Bill Gray
- Born:: Norfolk, Virginia, USA

Career information
- CFL status: American
- Position(s): RB
- College: Maryland State College

Career history

As player
- 1961–1965: Saskatchewan Roughriders

= Bill Gray (Canadian football) =

American gridiron football player

Bill Gray was a running back for the Saskatchewan Roughriders of the Canadian Football League from 1961 to 1965.
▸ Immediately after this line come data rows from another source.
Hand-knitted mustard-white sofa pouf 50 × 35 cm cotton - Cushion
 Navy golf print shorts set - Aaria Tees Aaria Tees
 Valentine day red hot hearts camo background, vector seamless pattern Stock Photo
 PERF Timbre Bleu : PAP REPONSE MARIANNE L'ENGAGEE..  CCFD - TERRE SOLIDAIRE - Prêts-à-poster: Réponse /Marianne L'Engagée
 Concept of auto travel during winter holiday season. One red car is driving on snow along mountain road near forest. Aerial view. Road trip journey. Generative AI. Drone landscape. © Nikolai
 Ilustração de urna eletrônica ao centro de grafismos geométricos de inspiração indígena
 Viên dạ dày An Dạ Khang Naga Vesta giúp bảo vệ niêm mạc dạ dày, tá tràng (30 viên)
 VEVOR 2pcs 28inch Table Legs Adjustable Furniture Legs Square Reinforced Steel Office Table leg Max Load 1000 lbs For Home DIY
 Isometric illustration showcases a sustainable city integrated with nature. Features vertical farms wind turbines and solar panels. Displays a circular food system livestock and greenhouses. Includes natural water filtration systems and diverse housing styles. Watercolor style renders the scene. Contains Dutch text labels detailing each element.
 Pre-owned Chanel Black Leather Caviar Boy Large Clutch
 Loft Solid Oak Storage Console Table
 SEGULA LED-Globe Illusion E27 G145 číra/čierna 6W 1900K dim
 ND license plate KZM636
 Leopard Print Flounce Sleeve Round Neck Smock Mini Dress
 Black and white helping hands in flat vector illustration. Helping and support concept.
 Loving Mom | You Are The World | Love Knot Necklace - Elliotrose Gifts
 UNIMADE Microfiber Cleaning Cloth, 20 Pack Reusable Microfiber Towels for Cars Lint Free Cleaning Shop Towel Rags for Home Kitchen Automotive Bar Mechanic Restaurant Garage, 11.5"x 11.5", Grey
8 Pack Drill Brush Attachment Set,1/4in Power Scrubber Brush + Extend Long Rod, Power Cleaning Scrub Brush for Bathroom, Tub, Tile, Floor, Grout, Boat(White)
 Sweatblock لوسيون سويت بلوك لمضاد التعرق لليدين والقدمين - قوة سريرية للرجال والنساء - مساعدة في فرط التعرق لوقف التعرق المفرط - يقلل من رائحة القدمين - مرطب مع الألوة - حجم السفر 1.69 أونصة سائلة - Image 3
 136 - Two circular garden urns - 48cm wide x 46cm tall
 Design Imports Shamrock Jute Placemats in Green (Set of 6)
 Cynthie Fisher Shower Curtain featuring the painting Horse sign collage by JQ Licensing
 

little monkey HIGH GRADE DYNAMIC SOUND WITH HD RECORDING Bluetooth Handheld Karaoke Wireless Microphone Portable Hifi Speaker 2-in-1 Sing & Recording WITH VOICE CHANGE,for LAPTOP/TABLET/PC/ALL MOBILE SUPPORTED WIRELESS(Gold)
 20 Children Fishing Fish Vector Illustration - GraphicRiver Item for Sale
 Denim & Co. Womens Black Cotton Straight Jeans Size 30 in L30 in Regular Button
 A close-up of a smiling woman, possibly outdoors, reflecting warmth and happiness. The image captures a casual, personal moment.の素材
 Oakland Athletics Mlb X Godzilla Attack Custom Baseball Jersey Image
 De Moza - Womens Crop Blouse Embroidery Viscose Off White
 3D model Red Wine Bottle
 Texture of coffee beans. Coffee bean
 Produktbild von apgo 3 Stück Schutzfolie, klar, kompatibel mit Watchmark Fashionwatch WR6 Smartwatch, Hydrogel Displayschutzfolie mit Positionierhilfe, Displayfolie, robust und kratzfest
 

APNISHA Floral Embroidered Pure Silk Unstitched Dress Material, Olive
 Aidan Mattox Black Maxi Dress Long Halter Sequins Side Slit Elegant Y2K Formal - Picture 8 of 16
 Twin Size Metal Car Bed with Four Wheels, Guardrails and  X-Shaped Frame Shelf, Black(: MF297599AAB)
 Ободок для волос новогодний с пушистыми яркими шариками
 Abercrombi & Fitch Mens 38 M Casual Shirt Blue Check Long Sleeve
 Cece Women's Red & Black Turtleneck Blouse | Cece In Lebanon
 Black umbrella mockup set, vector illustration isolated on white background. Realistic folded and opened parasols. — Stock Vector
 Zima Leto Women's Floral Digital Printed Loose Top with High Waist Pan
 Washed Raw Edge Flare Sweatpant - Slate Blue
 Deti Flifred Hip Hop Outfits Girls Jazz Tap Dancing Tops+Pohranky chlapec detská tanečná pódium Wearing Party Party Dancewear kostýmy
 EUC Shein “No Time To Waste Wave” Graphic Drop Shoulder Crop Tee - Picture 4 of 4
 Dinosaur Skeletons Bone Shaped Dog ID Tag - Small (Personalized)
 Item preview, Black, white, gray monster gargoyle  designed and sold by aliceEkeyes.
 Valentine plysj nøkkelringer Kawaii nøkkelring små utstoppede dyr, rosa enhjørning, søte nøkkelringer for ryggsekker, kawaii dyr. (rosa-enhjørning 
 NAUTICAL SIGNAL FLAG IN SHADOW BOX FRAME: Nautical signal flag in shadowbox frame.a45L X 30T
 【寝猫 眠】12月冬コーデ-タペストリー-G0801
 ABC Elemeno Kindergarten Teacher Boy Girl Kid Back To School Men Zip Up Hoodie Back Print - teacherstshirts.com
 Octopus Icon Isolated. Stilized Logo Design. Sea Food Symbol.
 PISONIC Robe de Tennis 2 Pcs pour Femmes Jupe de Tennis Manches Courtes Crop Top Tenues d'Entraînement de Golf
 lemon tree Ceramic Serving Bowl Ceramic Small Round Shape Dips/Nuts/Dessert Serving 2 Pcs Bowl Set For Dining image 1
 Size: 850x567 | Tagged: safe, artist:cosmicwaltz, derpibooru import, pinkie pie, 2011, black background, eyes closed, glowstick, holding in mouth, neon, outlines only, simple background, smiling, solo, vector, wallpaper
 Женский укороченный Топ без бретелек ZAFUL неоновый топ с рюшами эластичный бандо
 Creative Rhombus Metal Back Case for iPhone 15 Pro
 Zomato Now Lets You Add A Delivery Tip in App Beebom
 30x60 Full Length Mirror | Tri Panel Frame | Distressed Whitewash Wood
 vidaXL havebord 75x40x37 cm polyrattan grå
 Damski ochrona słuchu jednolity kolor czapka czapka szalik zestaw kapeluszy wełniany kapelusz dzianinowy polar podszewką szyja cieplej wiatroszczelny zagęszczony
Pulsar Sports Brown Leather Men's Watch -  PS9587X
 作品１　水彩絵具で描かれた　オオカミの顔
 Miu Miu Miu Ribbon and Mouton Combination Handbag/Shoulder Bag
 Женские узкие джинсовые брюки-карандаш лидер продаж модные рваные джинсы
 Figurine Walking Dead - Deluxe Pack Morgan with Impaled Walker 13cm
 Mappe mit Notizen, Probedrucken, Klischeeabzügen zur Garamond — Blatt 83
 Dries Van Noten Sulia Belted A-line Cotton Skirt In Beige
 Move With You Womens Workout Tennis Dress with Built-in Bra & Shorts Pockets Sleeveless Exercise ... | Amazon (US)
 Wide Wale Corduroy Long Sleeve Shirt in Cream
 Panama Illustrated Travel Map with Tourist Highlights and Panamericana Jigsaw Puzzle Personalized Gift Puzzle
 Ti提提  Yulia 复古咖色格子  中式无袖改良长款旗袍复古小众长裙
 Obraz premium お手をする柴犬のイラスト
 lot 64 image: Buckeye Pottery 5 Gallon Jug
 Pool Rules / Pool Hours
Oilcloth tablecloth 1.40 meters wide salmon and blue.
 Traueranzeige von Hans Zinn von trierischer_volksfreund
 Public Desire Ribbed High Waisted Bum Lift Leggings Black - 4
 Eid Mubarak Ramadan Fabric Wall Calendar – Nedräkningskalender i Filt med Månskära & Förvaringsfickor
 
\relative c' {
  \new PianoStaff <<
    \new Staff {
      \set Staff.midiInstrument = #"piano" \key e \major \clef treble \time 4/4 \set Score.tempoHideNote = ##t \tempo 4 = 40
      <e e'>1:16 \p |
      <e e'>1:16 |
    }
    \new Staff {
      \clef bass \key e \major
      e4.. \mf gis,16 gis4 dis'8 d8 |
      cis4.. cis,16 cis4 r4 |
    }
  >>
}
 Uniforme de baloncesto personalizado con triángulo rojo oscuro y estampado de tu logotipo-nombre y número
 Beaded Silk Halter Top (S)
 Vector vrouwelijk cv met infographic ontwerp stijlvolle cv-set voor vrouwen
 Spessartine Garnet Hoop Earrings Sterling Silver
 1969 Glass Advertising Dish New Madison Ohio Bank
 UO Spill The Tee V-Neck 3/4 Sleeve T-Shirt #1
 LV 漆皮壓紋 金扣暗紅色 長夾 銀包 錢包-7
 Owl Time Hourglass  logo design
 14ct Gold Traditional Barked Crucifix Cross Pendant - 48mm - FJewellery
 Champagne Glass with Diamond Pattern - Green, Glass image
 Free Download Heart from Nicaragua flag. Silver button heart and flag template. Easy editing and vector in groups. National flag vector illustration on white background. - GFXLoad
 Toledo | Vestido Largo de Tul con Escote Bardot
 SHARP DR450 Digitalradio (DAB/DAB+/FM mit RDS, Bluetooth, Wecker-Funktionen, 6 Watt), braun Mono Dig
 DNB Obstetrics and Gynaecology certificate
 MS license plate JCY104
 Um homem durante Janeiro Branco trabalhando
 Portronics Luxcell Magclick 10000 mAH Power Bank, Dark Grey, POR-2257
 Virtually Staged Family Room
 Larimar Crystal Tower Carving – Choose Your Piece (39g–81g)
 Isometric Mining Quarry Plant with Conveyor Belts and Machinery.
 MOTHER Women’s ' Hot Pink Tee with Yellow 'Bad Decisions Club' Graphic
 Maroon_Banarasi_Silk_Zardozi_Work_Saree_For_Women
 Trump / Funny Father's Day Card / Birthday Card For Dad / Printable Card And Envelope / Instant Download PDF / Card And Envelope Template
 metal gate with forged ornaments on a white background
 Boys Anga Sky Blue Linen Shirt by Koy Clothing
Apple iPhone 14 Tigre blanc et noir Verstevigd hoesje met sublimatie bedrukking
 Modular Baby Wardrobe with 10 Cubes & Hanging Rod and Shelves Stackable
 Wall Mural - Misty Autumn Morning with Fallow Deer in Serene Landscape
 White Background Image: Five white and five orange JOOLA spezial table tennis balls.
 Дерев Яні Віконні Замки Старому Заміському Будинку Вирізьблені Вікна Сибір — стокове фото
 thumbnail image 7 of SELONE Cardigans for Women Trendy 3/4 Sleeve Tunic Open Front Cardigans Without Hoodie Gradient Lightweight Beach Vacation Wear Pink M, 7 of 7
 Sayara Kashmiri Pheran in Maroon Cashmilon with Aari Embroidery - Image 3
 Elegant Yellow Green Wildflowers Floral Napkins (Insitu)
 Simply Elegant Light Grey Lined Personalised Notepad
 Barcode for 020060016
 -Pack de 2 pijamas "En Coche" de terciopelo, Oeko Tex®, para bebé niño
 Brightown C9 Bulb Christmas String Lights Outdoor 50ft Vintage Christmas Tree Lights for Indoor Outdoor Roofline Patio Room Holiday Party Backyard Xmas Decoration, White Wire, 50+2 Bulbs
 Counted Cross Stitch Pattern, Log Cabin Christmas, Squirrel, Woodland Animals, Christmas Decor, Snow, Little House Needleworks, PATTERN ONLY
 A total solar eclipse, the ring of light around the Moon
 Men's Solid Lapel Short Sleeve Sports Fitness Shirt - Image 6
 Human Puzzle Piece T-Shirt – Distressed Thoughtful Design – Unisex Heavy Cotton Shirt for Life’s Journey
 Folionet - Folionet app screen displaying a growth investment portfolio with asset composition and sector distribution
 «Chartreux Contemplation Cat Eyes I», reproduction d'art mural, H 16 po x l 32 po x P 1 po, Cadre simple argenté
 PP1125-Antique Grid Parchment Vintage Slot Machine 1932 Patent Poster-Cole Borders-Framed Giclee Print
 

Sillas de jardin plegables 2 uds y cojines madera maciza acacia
Bill Gray played college football as a running back at Maryland State College, now called University of Maryland Eastern Shore, rushing for 4.6 yards per carry. Gray joined the Saskatchewan Roughriders as a rookie in 1961 and rushed for 312 yards (5.8 yards per carry) and 25.9 yards per kick return. He earned his chance to start on offense in 1962 after an injury to Ray Purdin, and quickly profited by it by rushing for 140 yards in a single game against the Montreal Alouettes. Although his yards per carry dipped to 4.5, 1962 was his best year with 673 rushing yards and 30 receptions for 419 yards. However, the following year, Gray was hampered by injuries and replaced by Ed Buchanan, eventually playing behind him in 1964 and 1965 until signing with the Montreal Alouettes. But he was then released on 19 July 1966.